Provided data Block Start

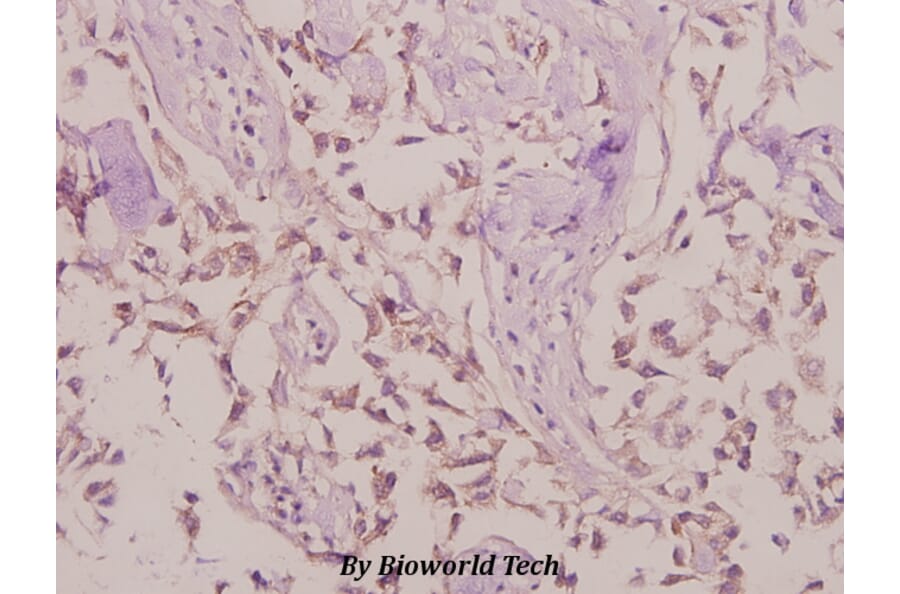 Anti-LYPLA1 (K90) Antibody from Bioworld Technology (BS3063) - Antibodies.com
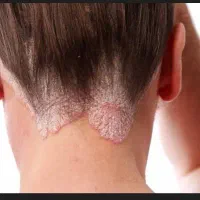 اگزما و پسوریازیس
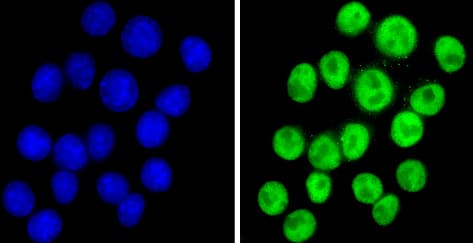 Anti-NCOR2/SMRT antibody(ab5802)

Provided data Block End

Exercise directions -> Write out, word for word, the lines running from the one containing "اگزما و پسوریازیس" to the end of the data above; the pictures are to be left out.

Task output ->
 اگزما و پسوریازیس
 Anti-NCOR2/SMRT antibody(ab5802)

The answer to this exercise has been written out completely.